↓↓↓

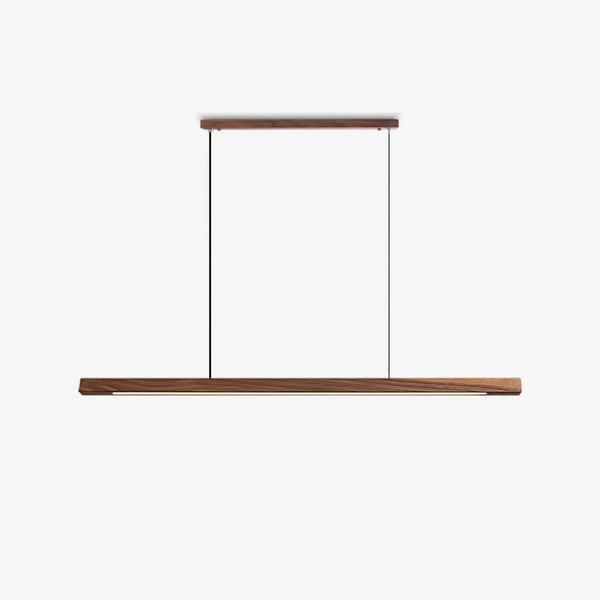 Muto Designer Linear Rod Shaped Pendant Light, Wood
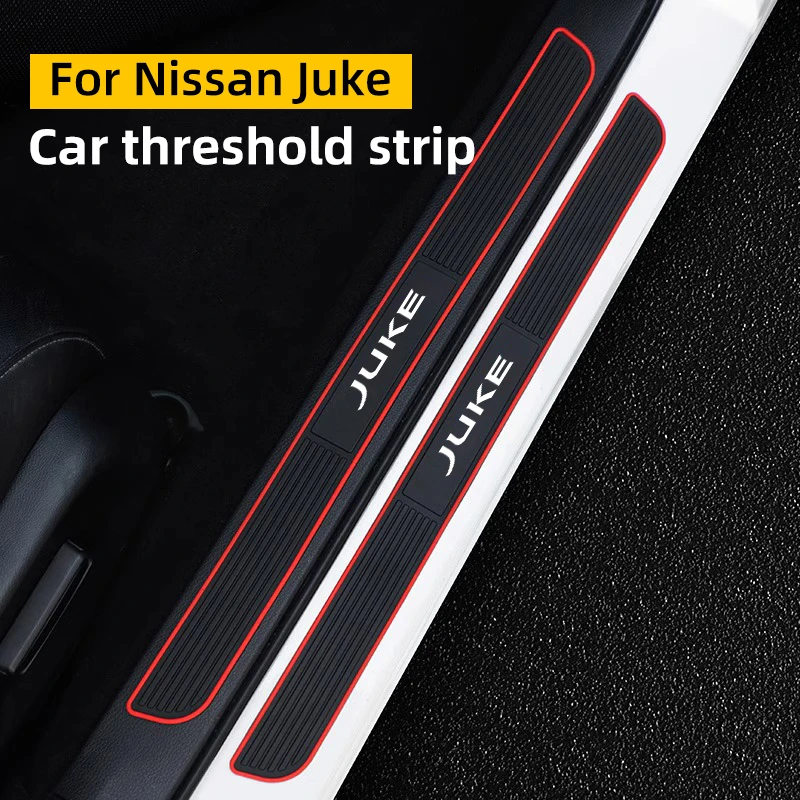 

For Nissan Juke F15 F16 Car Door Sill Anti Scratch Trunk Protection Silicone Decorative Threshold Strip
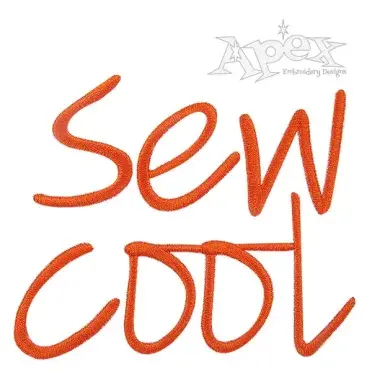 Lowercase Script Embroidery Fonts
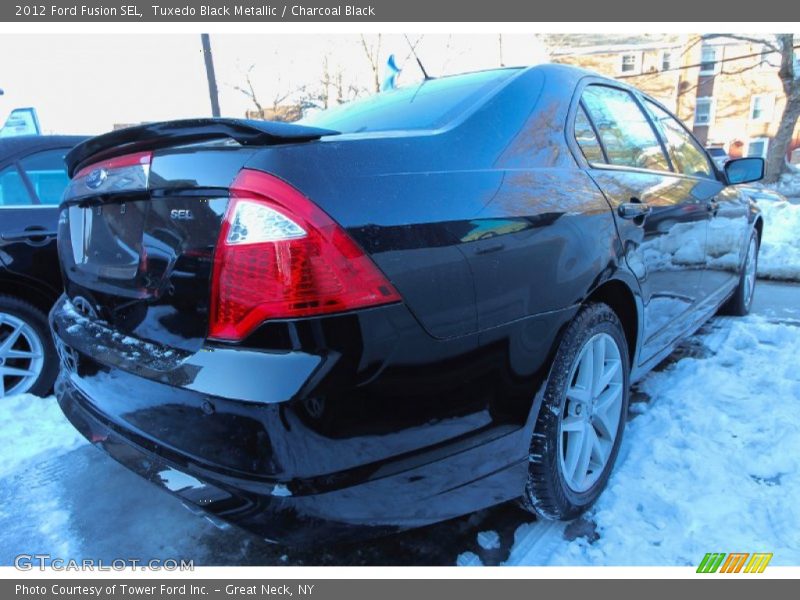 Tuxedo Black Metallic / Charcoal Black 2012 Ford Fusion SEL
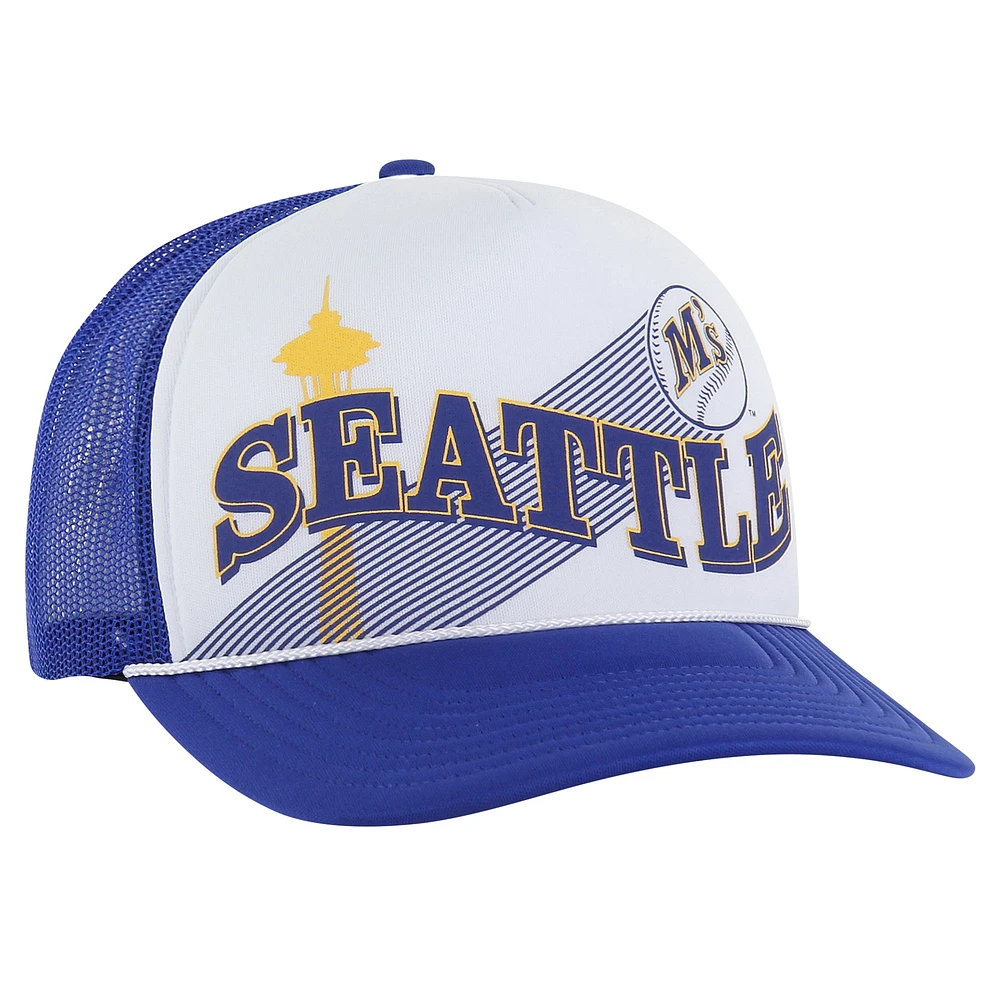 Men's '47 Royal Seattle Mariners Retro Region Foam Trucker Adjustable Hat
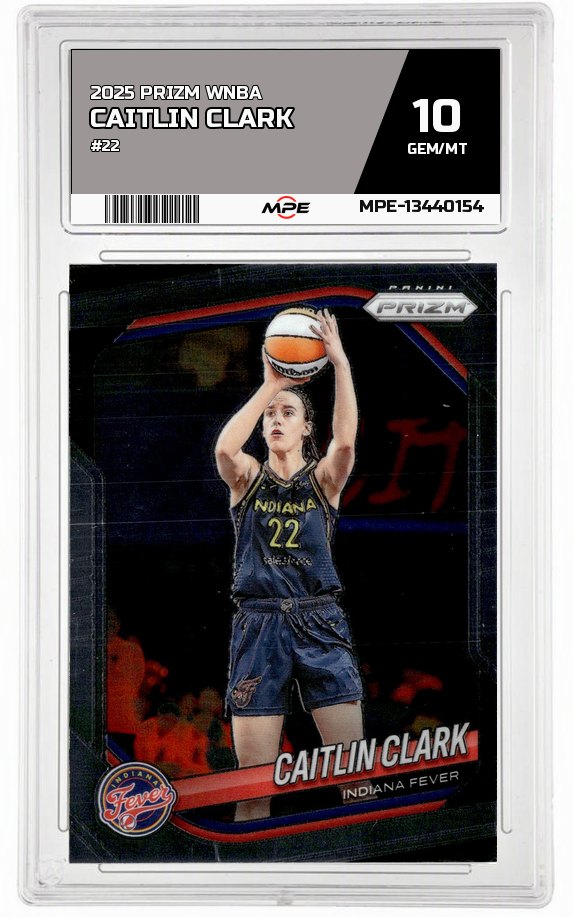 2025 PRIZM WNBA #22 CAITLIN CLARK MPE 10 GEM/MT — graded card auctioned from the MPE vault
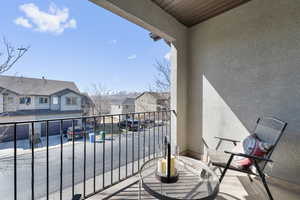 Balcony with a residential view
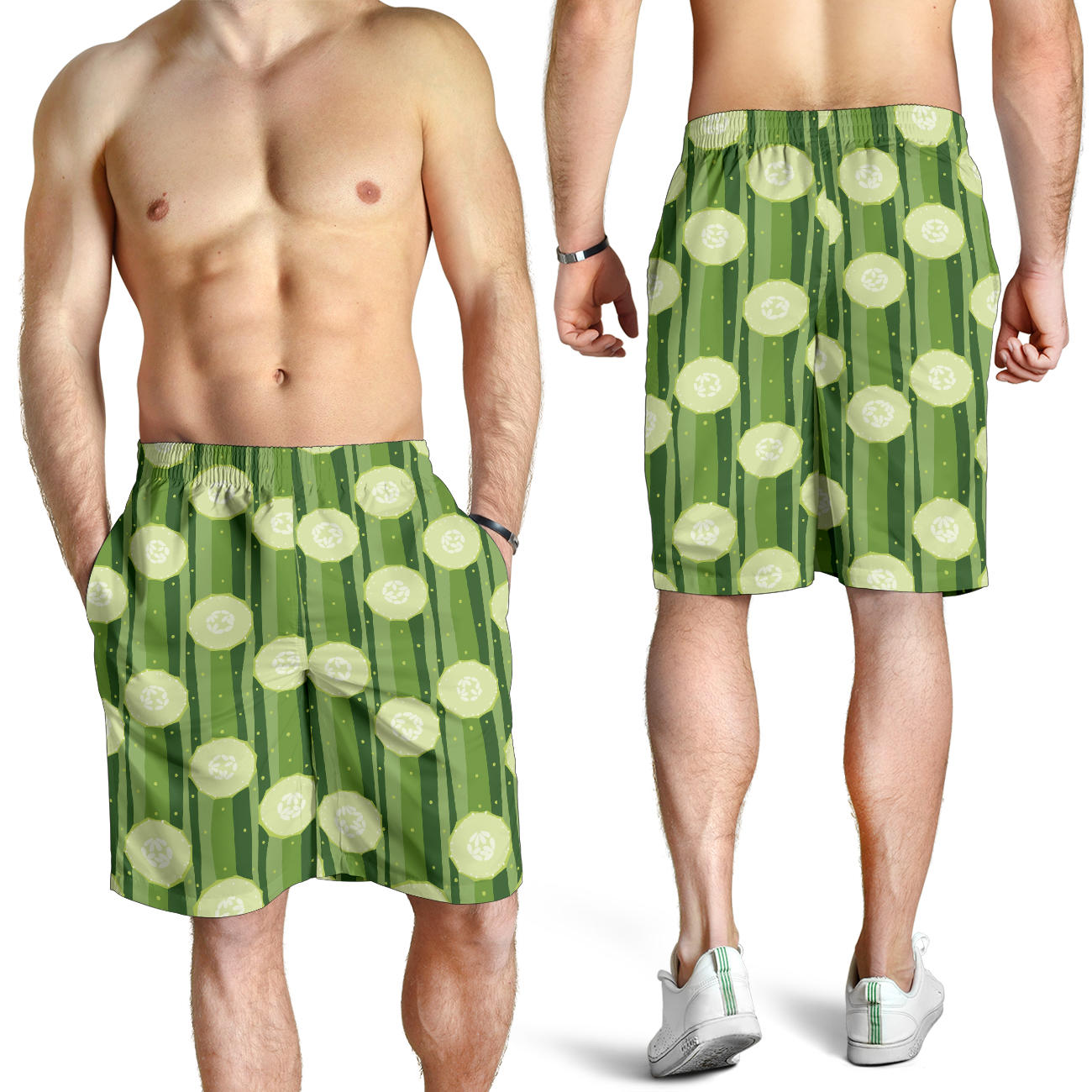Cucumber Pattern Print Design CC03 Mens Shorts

↑↑↑

§ **Directions**
Begin with the line that contains "Tuxedo Black Metallic" and repeat every line through the end of the data, exactly and only those lines, leaving out the pictures.

§ **Expected answer**
 Tuxedo Black Metallic / Charcoal Black 2012 Ford Fusion SEL
 Men's '47 Royal Seattle Mariners Retro Region Foam Trucker Adjustable Hat
 2025 PRIZM WNBA #22 CAITLIN CLARK MPE 10 GEM/MT — graded card auctioned from the MPE vault
 Balcony with a residential view
Cucumber Pattern Print Design CC03 Mens Shorts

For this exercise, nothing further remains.